Let there be no mistake. Under Moreno’s predecessor Rafael Correa, Ecuador’s government pursued a policy that sometimes deliberately, and other times indirectly, undermined the strategic interests of the United States. The expulsion of the U.S. military from its forward operating location at Manta, Ecuador in September 2009 reduced the effectiveness of efforts to address narcotics trafficking in the region.

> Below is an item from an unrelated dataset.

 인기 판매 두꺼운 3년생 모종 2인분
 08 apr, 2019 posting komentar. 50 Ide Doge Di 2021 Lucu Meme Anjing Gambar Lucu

At the same time, the Correa government was an active participant and an advocate ofleftist organizations working against U.S. influence in Latin America and the Caribbean, including the Bolivarian Alliance of the People of the Americas (ALBA), and the Community of Latin American and Caribbean States (CELAC), among others. Data intercepted in 2008 from the computer of Raul Reyes, former leader of the Revolutionary Armed Forces of Colombia (FARC) suggest that the Correa government, like Venezuela and Cuba, maintained clandestine ties and supported the FARC and other illegal armed groups seeking to conduct terrorist acts against, and overthrow democratic governments in the region. In pursuit of investment and financing independent of Western companies and institutions (such the International Monetary Fund), the Correa government also played a significant role in opening the Ecuadoran economy to Chinese companies and banks, as well as accelerating the entry into the region of the People’s Liberation Army and Chinese military contractors.

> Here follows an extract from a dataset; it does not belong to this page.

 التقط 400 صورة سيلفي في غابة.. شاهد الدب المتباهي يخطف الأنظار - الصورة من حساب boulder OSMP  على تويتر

The victory of Lenin Moreno, the candidate of Rafael Correa’s Alianza País movement, over Guillermo Lasso of the Creando Opportunidades (CREO) party in the April 2017 presidential election, is generally interpreted as politically empowering the continuation of Correa’s leftist agenda. Yet Moreno is neither a continuation nor a moderation of the leftist policies of Correa, but rather, his own man. Among his first actions upon taking office, Moreno signed a series of degrees reorganizing the executive branch, eliminating the (arguably superfluous) Ministry for a Good Quality of Life (Secretaría de Buen Vivir), and a series of coordinating ministries, and also ending his predecessor’s family planning organization Plan Familia, which had been criticized by the left as too representative of traditional Catholic values.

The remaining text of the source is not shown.